A Co-Re catalyst prepared in a manner similar to that described in Example 1 is tested in an oil-cooled process microchannel. The process microchannel has a width of 2.54 cm, and a height or gap of 0.762 mm. The catalyst has a 70 to 100 mesh size and forms a bed 4.65 cm deep in the process microchannel. The process is conducted using a feed gas composition containing 10% nitrogen, the remainder being hydrogen and CO. The hydrogen to CO molar ratio is 1.6:1. The process is conducted using a contact time of 257 ms, temperature of 228.6° C., and pressure of 295 to 313 psig (21.1-22.3 atm absolute pressure).
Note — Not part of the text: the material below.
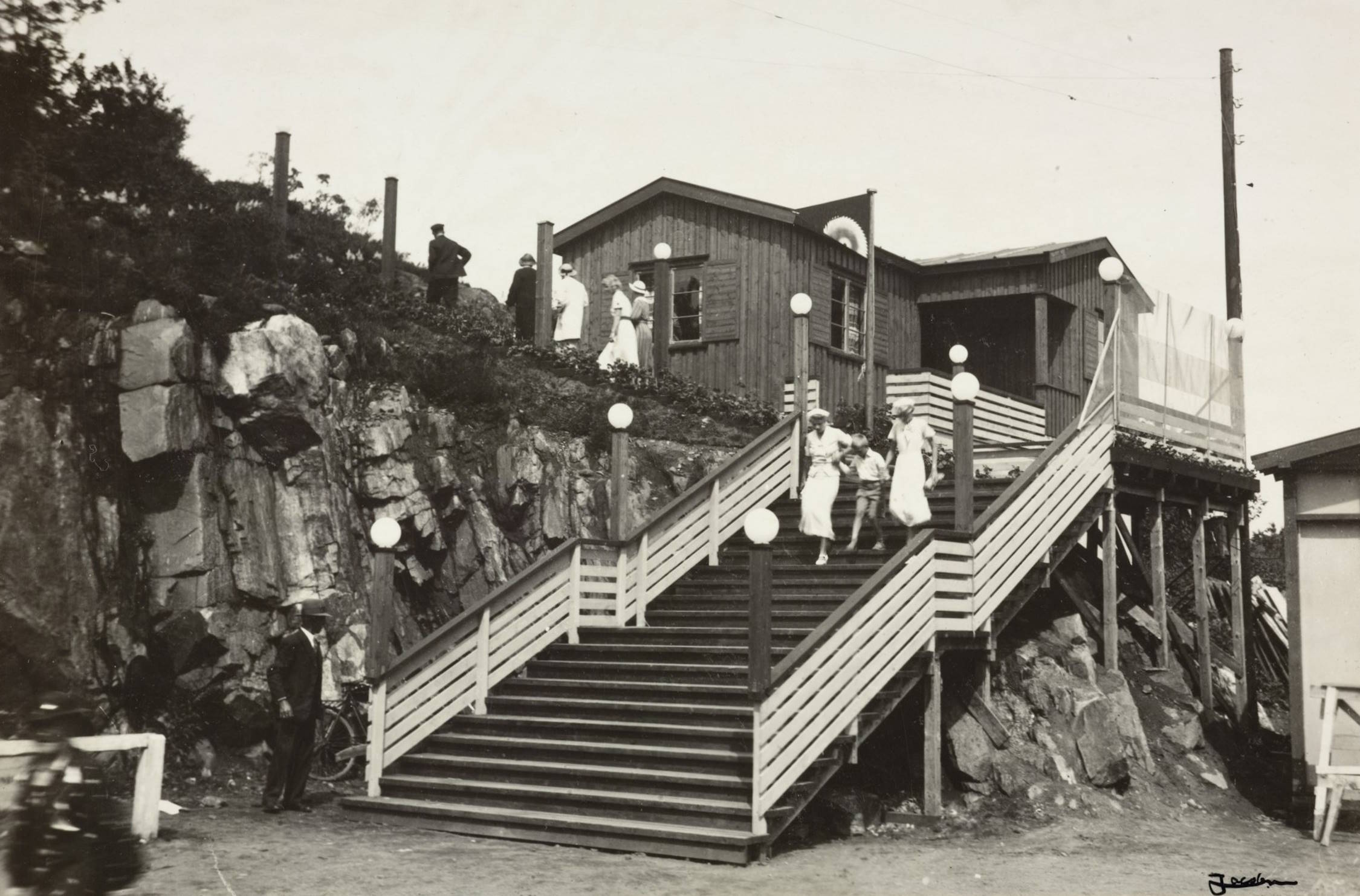 Trapp fra Idrettsplassen på vei mot Sangerhallen under varemessen i Arendal i 1936. Foto: Jacobsen. Bildet viser en utendørstrapp som fører opp en bratt fjellskråning mot en trebygning øverst i bildet. Trappen er bred, har rekkverk på begge sider og er bygget av tre. Langs rekkverket står flere lyktestolper med runde, hvite kupler som gir et inntrykk av belysning langs hele trappeløpet. Øverst på trappen står flere personer kledd i lyse 1930‑tallsklær. To av dem går nedover trappen, mens andre står på flaten ved toppen. De lyse kjolene og hattene gir scenen et sommerlig preg. Til venstre i bildet går fjellet rett opp i ujevne bergflater med noe vegetasjon. Nederst ved trappen står en mann i mørk dress og hatt, vendt delvis bort fra trappen. Trebygningen på toppen har en enkel, funksjonell utforming, med vinduer og en liten terrasse eller platting foran inngangen. Til høyre for bygningen ser man en forhøyning med gjerde og et stort lerret eller skilt festet på veggen. Hele scenen fremstår som en del av et større arrangement, der trappen fungerer som hovedadkomst mellom Idrettsplassen og bygningen oppe i høyden.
After 236 hours of time-on-stream the conversion of CO declines from 66.7% to 54%. Over the same period the selectivity to methane increases from 9.2% to 9.9%. To re-activate the catalyst, the CO and nitrogen flows are terminated and the hydrogen flow is adjusted to maintain the contact time at 257 ms. The process microchannel is heated to 400° C. at a rate of 1° C. per minute and held at 400° C. for 12 hours. The temperature is then reduced to 160° C. over a period of 6 hours. The nitrogen and CO are re-introduced in steps and the extra hydrogen is reduced in steps over a period of 1 hour. The process microchannel is then maintained at 160° C. for 12 hours. The temperature is then increased to 180° C. at a rate of 1° C./15 minutes and held at 180° C. for 24 hours. The process microchannel temperature is then increased from 180° C. to 200° C. at rate of 1° C./15 minutes and held at 200° C. for 24 hours. The process microchannel is then heated at a rate of 1° C./15 minutes for 3 hours then at a rate of 1° C./hour to the operating temperature of 229° C. The conversion of CO is returned to a value of 67.5% and the selectivity to methane is 10.4%.
The catalyst described in Example 4 declined in activity over a period of 218 hours time-on-stream from 67.5% conversion of CO to 53%. Keeping the total inlet pressure, reactor temperature and contact time the same the flows of CO and hydrogen are adjusted such that the hydrogen to CO ratio is 9:1. The feed gas contains 10% nitrogen by volume. This condition is maintained for 1.5 hours, then the ratio of hydrogen to CO is readjusted to 1.6:1 over a period of 45 minutes. The conversion of CO returns to 67.9% and the selectivity to methane is 9.9%.
While the invention has been explained in relation to various detailed embodiments, it is to be understood that various modifications thereof will become apparent to those skilled in the art upon reading the specification. Therefore, it is to be understood that the invention disclosed herein is intended to cover such modifications as fall within the scope of the appended claims.